Its easy to be confident and come across better than others. God has blessed me a lot and I take a lot of it for granted. I'm learning (I want to say 'I've learned' but that's the thing...), I'm learning that I have need and I have weakness and that the outworking of the gospel of Jesus in need and weakness is important.
Marcus posted: "I vividly recall a leader of a large ministry saying to me “you guys always criticise what I do and my Bible teaching but you never offer to come and help me improve. Wouldn’t that be the better thing to do?” He was right. I was chastened. I think my answer to Paul’s concern would be to say to a UCCF team leader whose team was clearly overbalanced one way or the other “can we work with you to help lift you up in the areas you are weak at the moment.” It is hard to see how that isn’t a win/win situation."
Going into 2012 I desire to be more ready to receive the help of people who can lift me, and I think more prepared to go and ask them for help in the first place. I need my Heavenly Father to carry me over the line. And I need his people to carry me too. I don't want to live in Laodicea in 2012. The more of Christ I have the less I can possibly say 'I need nothing'.

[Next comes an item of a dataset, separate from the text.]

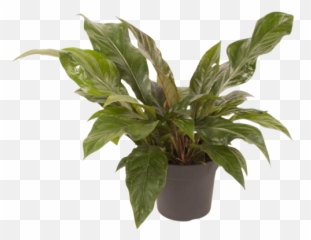 Anthurium Jungle King - X png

So, when you see me in my weakness - whether via what I write here, or more likely as you're on the end of 'gospel ministry' from me, or just in conversation and everyday situations of life in which I'm sinful, weak and stupid. Please don't criticise me - though it'd be understandable for you to do so - please instead come and help me. I should have asked for your help in the first place. Please offer your strengths to help me in my weaknesses. Come share life with me. Put yourself in the line of fire. Help me with grace and encouragement and practical assistance, so that I would see my Christ more clearly and know his loving embrace more deeply.
I like to think the glory is in winning... but with Jesus there might just be more glory in limping home, carried by the Generous Father who gives himself to me.